Bremen. . Claudio Pizarro spielt mit Werder Bremen am Samstag gegen Borussia Dortmund. Hier verrät der älteste Bundesliga-Profi sein Fitness-Geheimnis.

Das Vormittagstraining von Werder Bremen ist beendet, Claudio Pizarro lässt sich noch ausgiebig massieren. Die Rückenmuskulatur hat ihn während der Winterpause geplagt, mit mittlerweile 38 Jahren ist körperliche Fitness zwangsläufig ein bedeutendes Thema für den Peruaner. Der älteste Profi der Bundesliga freut sich darüber, dass er pünktlich zum Wiederbeginn am Samstag gegen Borussia Dortmund wieder fit ist.

Was glauben Sie, wie die Kollegen in unserer Redaktion reagiert haben, als wir ihnen erzählt haben, dass wir zu einem Interview mit Ihnen verabredet sind?

Claudio Pizarro: Das ist für mich schwer einzuschätzen.

Die Reaktionen schwankten zwischen „klasse!“, „Super-Typ!“ und „Da wäre ich auch gerne dabei“.

Pizarro: Oh, sehr schön. Das freut mich natürlich.
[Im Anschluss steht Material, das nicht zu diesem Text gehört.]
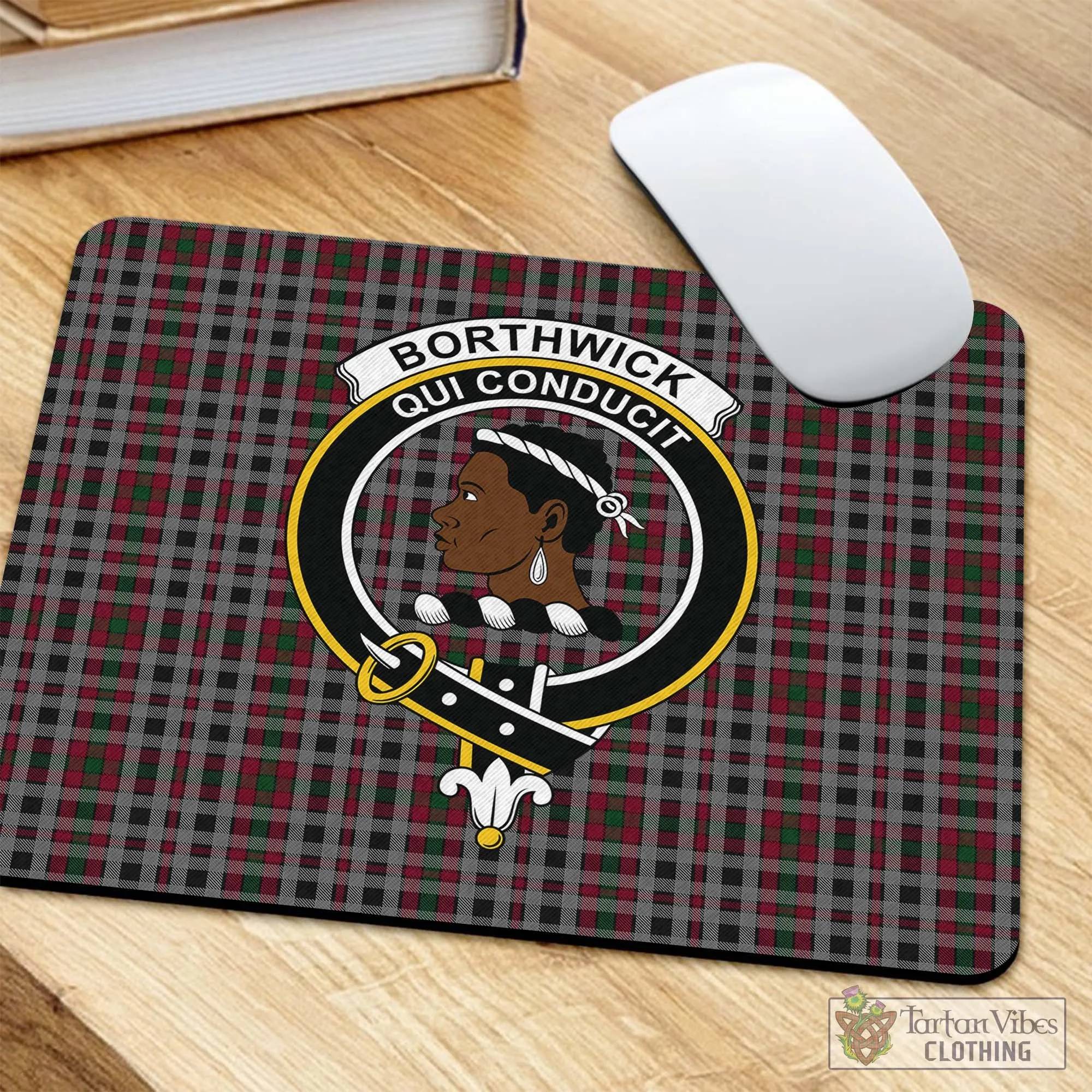 Borthwick Tartan Mouse Pad with Family Crest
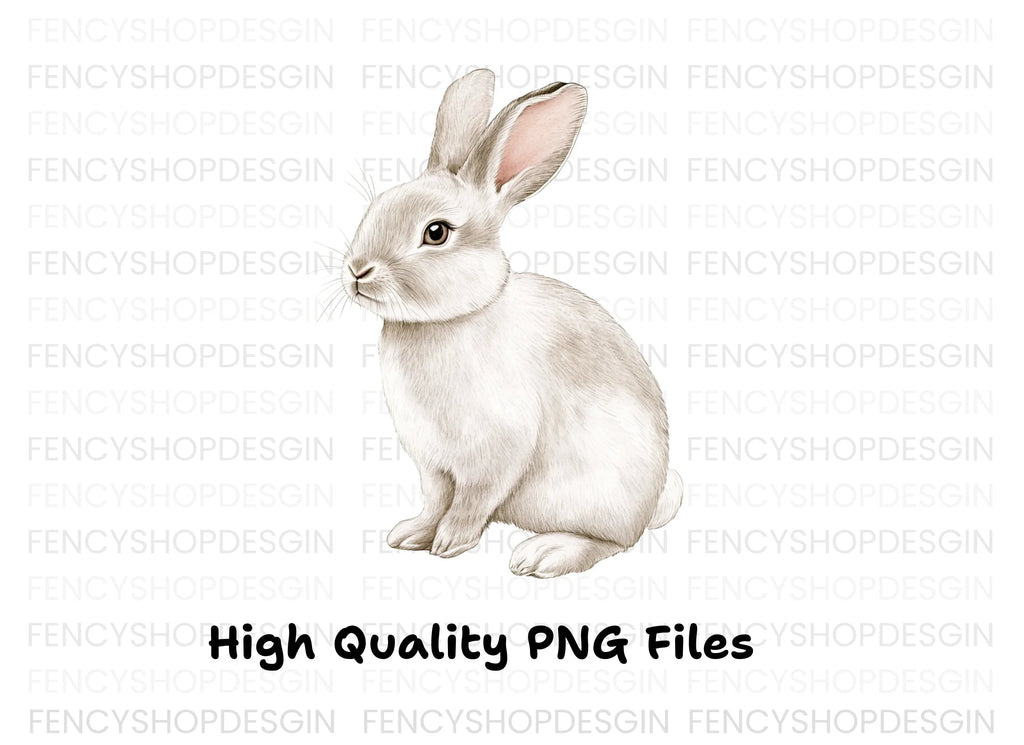 Cute White Bunny Rabbit Clipart Bundle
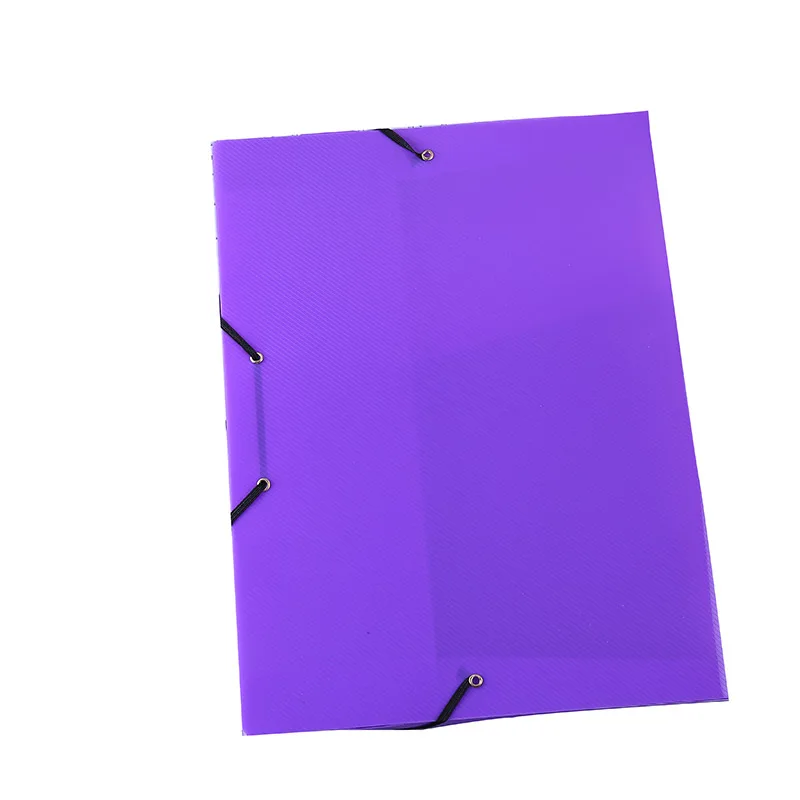 Colorful expanding transparent elastic cord punch hole file folder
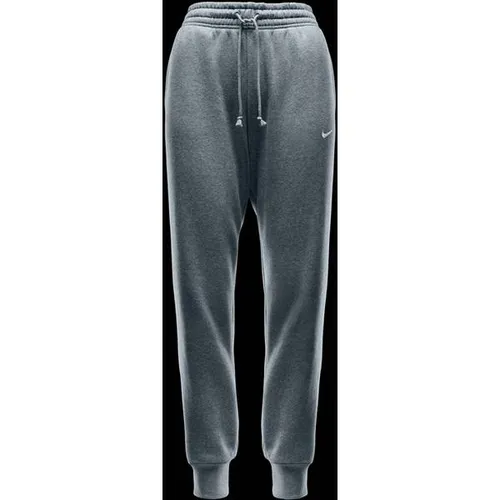 NIKE W NSW PHNX FLC MR PANT STD - Kuschelige Trainingshose in DK GREY HEATHER - Trainingsbekleidung mit extra weichem Fleece für maximalen Tragekomfort. Die lockere Passform und Kordelzug an den Knöcheln machen sie ideal für entspannte Tage.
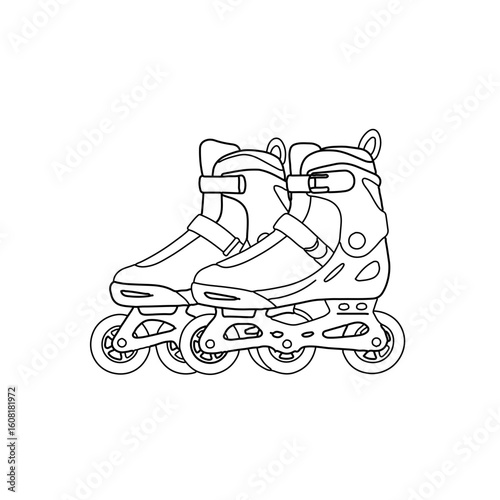 Outlined Inline Skates Depicting Recreational Activity and Sport.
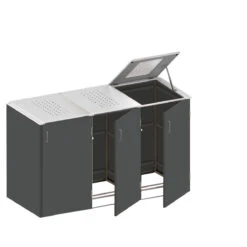 TraumGarten BINTO HPL Schiefer Variante/Set 3er-Box, Edelstahl-Deckel
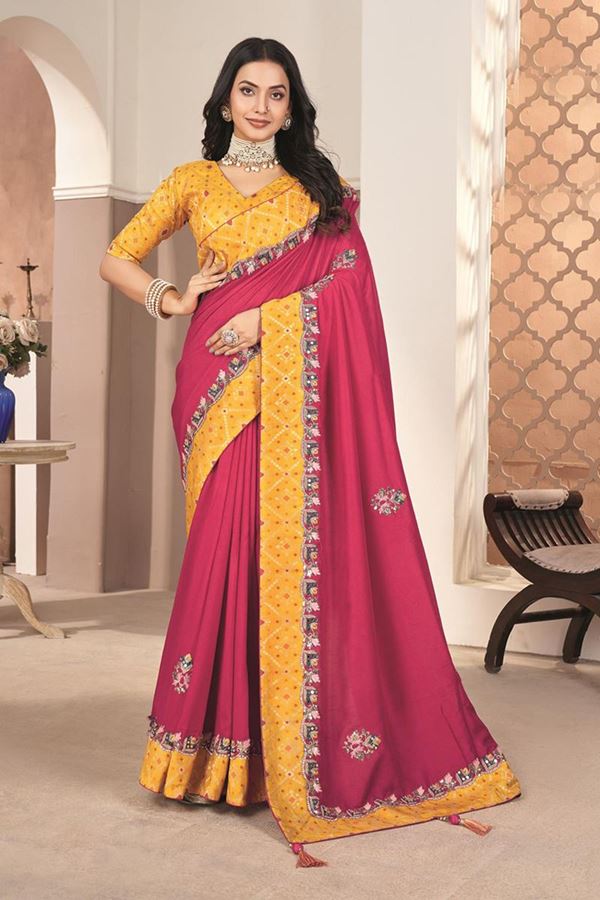 Picture of  Ethnic Silk Designer Saree for Wedding and Reception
Wie schafft man es, sich einen solchen Ruf zu erwerben? Sie sind bei Fans, Journalisten, Spielern und Trainern in ganz Deutschland beliebt.

Pizarro: (lacht) Hilfe! Keine Ahnung. Na ja, vielleicht ist es meine Ausstrahlung. Ich versuche immer, positiv zu sein. Und respektvoll, das ist auch wichtig.

Welche Rolle spielt die sportliche Leistung? Sie sind schon lange im Geschäft.

Pizarro: Für mich ist es fast immer gut gelaufen. Natürlich gab es zwischendurch auch mal schwierige Zeiten, aber die haben nie so lange angedauert wie die guten.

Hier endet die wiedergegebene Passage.